Many of the firefighters patrolled sandbag dikes around residential neighborhoods. When they saw a leak, they would promptly start sandbagging – something they did plenty of, said Anderson.
“We walked behind people’s homes to make sure the dikes were staying,” she said, noting that if the dikes were to break, “You would be running for your life.”
For precautionary measures, Anderson said the firefighters had lifejackets close at hand, just in case.
When it came time to finally go to sleep, Anderson said most of the firefighters, and not just those from Douglas County, stayed at a high school that the Red Cross turned into a sleep center with plenty of cots to choose from.
Although the Douglas County group went to sleep at 3 a.m. Saturday morning, Anderson said they were up at 6 a.m. to start working all over again.
“It was really interesting and amazing to see how many firefighters from around the state that were there helping out,” she said. “They came from all over.”
Anderson also commented on the “regular people” that would drive around and offer food to those who were working – burgers off the grill, bars, cookies and much more. They would also offer workers the use of their bathrooms – no matter how muddy the workers were, she said.

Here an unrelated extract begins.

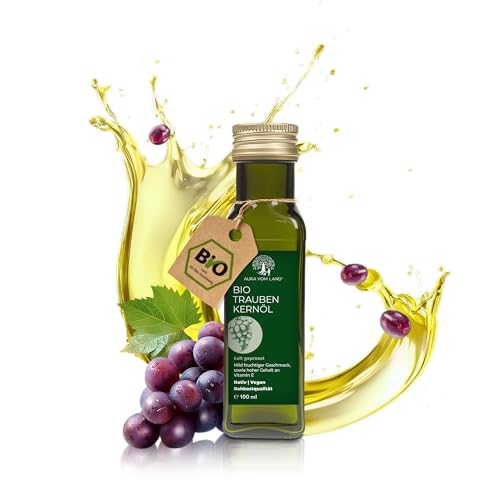 Aura vom Land Bio Premium Traubenkernöl Kaltgepresst 100ml – Vegan & Reich an Omega 6, Vitamin E – Hochwertiges Speiseöl auch als Haaröl/Körperöl – Bio Oil Grapeseed Oil Made in Germany Aura vom Land Bio Premium Traubenkernöl Kaltgepresst 100ml – Vegan & Reich an Omega 6, Vitamin E – Hochwertiges Speiseöl auch als Haaröl/Körperöl – Bio Oil Grapeseed Oil Made in Germany von AURA VOM LAND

“This one woman told us we could just go in and use her bathroom anytime – with our muddy boots on and all. She didn’t even care,” said Anderson.
She added, “The people up there were amazing. I have never seen anything like this before.”
Another amazing sight Anderson talked about was the ice shelves. She explained that as the river receded, ice shelves would form on the trees at the various levels.
“It looked like mushroom fungus,” she said. “It was really neat to see.”
After working in the Moorhead area for two long days, Anderson didn’t quite get enough. On Tuesday, she headed back, but this time to the Breckenridge area. Kensington Fire Chief Joey Nessman, joined Anderson on that trip. This time, however, she was there as part of the Department of Natural Resources Forestry Division.
Instead of helping out with sandbagging efforts, Anderson said they helped with running pumps to keep water out of people’s homes.
As of Wednesday, she was still there, keeping an eye on the pumps to make sure the water levels stay down.
Unfortunately, she concluded, some homes have not been saved.